From: Jeff Squyres \(jsquyres\) (jsquyres_at_[hidden])
Date: 2006-04-08 14:52:18


> -----Original Message-----
> From: Prakash Velayutham [mailto:Prakash.Velayutham_at_[hidden]]
> Sent: Saturday, April 08, 2006 2:45 PM
> To: Jeff Squyres (jsquyres); users_at_[hidden]
> Subject: Re: [OMPI users] Open MPI and Torque error
>
> >>> jsquyres_at_[hidden] 04/08/06 7:10 AM >>>
> I am also curious as to why this would not work -- I was not under the
> impression that tm_init() would fail from a non
> mother-superior node...?
>
> What others say is that it will fail this way inside a Open MPI job as
> Open MPI's RTE is taking the only TM connection available.
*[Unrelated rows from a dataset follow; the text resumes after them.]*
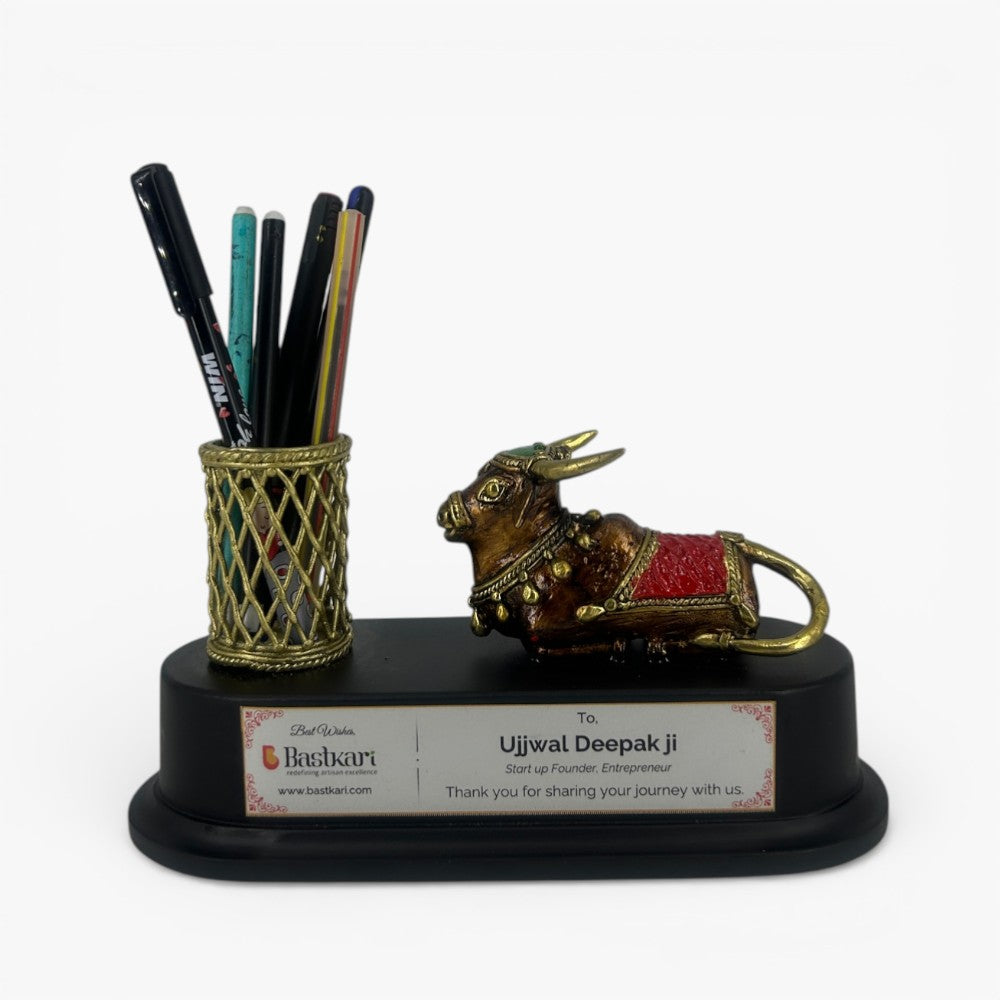 Handcrafted brass Nandi pen holder desk organizer with lattice metal pen stand on black wooden base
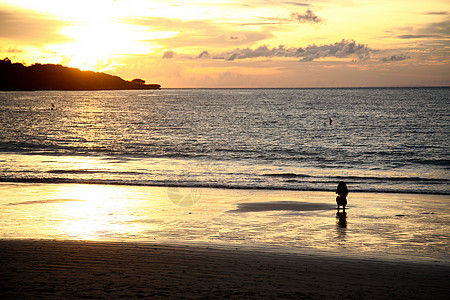 海浪风景晚霞巴厘岛海滩上的游客剪影图片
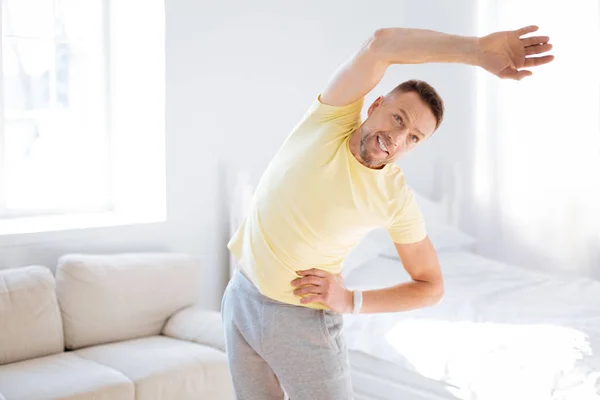 Energetico uomo entusiasta cercando tecniche di stretching — Foto Stock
But the

Note that Open RTE does not hold a TM connection open because of the
one-TM-connection-per-MOM restriction (which was only recently
alleviated with Garrick's patch). Open RTE's TM support opens a TM
connection, does its thing, and then closes the connection.

> strange thing is that it works from Mother Superior without Garrick's
> patch (actually, regardless of the patch, the behaviour is
> the same, but
> I have not rigorously tested the patch in itself, so cannot comment
> about that), which I think should have failed according to the above
> contention.

Based on my explanation above, the behavior you have observed makes
sense.

> FWIW: It has been our experience with both Torque and the various
> flavors of PBS that you can repeatedly call tm_init() and
> tm_finalize()
> within a single process, so I would be surprised if that was
> the issue.
> Indeed, I'd have to double check, but I'm pretty sure that our MPI
> processes do not call tm_init() (I believe that only mpirun does).

 
> But I am running my code using mpirun, so is this expected
> behaviour? I
> am attaching my simple code below:

Yes. What I am saying is that only Open MPI's mpirun invokes tm_init()
-- the MPI processes do not invoke tm_init(). Hence, there is no
possibility of a TM connection contention from the MPI processes.

Even if you launch an MPI process on the same node as mpirun, there are
synchronization points that guarantee that MPI_INIT will not complete
until the TM connections from mpirun have completed and been
tm_finalized().

This is why I, too, am curious as to why your tm_init() is failing. You
might have to dive a bit deeper in the TM library to figure it out. :-\

-- 
Jeff Squyres
Server Virtualization Business Unit
Cisco Systems